If you haven''t heard of Noclip Documentaries, these are also a must to watch. Along with games journalists like Jason Schreier, they are doing some of the most important investigative work in the industry right now. They have some of the content we would expect, like making-of interviews and coverage of fun news, and a player demaking to look like a PS1 game.
Some of the most well-known pieces are a documentary-style investigation into what happened in Telltales last hours that led to its closure, or a probe into abuse at some of Annapurna''s smaller indie studios. Noclip always does amazing research and has interviews with those who are effective in their covering, however it is just good journalism.
Some studios are simply making short stories about how they make their games. Grounded: The Making of The Last of Us, a favorite of mine, includes interviews with artists from almost every discipline who detail how they brought their own passion to the game.

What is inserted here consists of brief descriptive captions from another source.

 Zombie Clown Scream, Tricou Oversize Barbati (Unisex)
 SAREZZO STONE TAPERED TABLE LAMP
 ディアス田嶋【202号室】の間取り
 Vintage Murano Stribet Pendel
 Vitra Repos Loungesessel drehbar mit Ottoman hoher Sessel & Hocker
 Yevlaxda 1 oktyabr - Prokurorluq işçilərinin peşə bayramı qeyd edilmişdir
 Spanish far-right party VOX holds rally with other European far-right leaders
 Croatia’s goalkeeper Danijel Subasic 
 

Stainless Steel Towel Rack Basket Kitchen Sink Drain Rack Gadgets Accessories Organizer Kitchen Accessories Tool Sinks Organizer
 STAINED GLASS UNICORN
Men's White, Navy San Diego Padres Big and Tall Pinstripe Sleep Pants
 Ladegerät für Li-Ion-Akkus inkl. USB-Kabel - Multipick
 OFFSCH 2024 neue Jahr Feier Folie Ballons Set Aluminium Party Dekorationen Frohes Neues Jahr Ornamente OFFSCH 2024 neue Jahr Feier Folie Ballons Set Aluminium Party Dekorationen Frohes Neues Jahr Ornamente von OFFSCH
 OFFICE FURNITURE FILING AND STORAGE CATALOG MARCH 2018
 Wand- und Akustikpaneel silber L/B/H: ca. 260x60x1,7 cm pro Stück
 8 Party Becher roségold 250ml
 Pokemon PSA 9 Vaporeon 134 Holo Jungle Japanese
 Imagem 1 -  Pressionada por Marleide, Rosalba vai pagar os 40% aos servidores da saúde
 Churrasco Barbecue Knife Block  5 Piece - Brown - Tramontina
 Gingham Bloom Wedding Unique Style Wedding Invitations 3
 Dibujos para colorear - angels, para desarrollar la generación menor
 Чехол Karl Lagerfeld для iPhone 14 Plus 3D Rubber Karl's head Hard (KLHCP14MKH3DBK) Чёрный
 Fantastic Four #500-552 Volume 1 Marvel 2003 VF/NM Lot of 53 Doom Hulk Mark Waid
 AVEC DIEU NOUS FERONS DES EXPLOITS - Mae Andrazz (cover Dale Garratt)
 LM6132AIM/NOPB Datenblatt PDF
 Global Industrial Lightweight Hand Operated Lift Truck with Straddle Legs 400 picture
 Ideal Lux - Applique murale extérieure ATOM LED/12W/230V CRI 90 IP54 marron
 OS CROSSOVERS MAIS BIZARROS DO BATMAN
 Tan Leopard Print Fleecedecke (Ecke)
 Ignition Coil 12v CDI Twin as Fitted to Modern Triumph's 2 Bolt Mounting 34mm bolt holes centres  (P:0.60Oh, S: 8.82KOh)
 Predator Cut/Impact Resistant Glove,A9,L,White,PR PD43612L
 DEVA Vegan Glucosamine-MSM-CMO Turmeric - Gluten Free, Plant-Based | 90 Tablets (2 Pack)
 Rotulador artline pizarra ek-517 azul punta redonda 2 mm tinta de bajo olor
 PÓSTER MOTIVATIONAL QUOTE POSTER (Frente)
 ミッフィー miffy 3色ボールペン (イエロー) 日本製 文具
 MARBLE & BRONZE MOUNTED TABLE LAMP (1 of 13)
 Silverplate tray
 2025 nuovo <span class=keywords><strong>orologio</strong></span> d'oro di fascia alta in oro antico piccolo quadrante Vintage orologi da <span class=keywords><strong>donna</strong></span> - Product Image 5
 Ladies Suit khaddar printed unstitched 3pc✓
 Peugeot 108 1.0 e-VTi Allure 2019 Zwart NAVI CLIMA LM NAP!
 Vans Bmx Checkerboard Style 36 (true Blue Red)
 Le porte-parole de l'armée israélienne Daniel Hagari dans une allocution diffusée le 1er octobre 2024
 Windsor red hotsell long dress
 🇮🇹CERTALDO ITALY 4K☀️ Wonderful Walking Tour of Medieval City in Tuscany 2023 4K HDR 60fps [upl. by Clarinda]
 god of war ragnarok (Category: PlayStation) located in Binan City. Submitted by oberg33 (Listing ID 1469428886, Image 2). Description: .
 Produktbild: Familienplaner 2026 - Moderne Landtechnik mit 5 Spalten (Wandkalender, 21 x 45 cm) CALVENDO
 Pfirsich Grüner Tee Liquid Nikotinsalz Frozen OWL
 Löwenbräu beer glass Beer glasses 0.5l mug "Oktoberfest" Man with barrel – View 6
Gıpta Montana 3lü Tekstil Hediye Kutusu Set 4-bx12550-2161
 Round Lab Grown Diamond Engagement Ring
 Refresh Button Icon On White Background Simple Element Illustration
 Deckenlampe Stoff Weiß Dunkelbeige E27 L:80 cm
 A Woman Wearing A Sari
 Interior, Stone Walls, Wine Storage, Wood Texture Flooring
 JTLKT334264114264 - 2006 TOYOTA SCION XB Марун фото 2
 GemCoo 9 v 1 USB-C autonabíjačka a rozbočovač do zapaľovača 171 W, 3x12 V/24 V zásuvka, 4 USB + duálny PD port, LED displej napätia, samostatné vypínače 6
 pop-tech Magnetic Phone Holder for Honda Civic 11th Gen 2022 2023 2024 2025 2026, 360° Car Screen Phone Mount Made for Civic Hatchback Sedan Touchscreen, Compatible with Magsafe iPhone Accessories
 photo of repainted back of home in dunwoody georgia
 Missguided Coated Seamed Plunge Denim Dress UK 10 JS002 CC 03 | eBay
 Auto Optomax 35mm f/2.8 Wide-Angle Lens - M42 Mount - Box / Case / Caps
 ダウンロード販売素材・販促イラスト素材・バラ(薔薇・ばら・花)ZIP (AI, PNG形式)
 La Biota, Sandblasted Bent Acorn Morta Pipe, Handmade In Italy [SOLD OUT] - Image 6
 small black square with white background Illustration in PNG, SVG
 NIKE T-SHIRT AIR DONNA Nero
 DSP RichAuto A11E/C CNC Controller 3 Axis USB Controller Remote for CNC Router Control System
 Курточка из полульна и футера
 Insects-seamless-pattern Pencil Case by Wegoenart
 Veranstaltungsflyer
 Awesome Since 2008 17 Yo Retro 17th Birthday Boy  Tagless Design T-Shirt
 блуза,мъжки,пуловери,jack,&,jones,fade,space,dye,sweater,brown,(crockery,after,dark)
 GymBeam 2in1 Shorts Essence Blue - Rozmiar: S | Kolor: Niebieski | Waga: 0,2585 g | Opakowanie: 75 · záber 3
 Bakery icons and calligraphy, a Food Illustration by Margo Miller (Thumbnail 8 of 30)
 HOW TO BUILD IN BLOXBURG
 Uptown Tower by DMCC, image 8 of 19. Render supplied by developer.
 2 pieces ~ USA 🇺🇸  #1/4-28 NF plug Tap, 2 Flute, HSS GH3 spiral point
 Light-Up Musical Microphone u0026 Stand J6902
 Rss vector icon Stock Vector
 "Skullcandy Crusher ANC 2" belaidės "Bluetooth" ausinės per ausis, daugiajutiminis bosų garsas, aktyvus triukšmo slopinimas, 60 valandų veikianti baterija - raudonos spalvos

Im also a huge fan of the developer commentary Valve added to Portal 2, which allows you to hear stories about the games creation while youre actually playing the game. Studio MDHR has also released some in-depth footage of their process in making Cuphead, my favorite of which is a look at a recording session for the games soundtrack.
Think that''s more than enough to get players started? Wrong. There are so many great books out there about game development. Jesse Schell''s Art of Game Design: A Book of Lenses is a great read for anyone interested in learning more about game design.
Jason Schreiers Blood, Sweat, and Pixels: The Triumphant, Turbulent Stories of How Video Games Are Made and Press Reset: Ruin and Recovery in the Video Game Industry are some of the most approachable resources for players to understand how game studios work.
Former Naughty Dog developers collaborated to create an entire book about how they created the AI for The Last of Us, which includes a wide range of details, including some scary-looking math. There are books from the creators of classics such as Tomb Raider and Doom, and games writers wrote a series of essays on the SEGA Dreamcast.
There are several fantastic podcasts out there that are great for developers, like Game Makers Notebook or Game Dev Advice. Aside from that, the Game Developers Podcast GDC even has its own podcast. Point is, there is something on the internet for you.
FYI, here''s what IMMORTALITY resembled for the first two years in which we were focused on getting the A.I. and combat gameplay balanced vs. how pic.twitter.com/lXoBQeKYUO installed
IMMORTALITY: Sam Barlow (@mrsambarlow) February 20, 2022
When it comes to development, no one will compare to having a studio working with other developers, but gamers have no right to complain that studios are keeping them in the dark. This is because they want to make sure all of their ducks are in a row before going public. It''s extremely hard to see why games are so frustrating and that if youre too early in releasing your info, it can easily backfire. We see this often with delays or games that promise more than they can actually deliver.
I understand that waiting for games patiently can be a difficult task to do, but some of the benefits of living in this industry, whether it be a professional or a fan, is reducing expectations in an understanding that making games takes a really, really long time, and that developers cannot do anything during the development cycle.
I know there''s nothing like shouting at a small, heavy minority here, but researching resources like this may be a lot of fun for individuals who are only interested in learning more about what we love playing.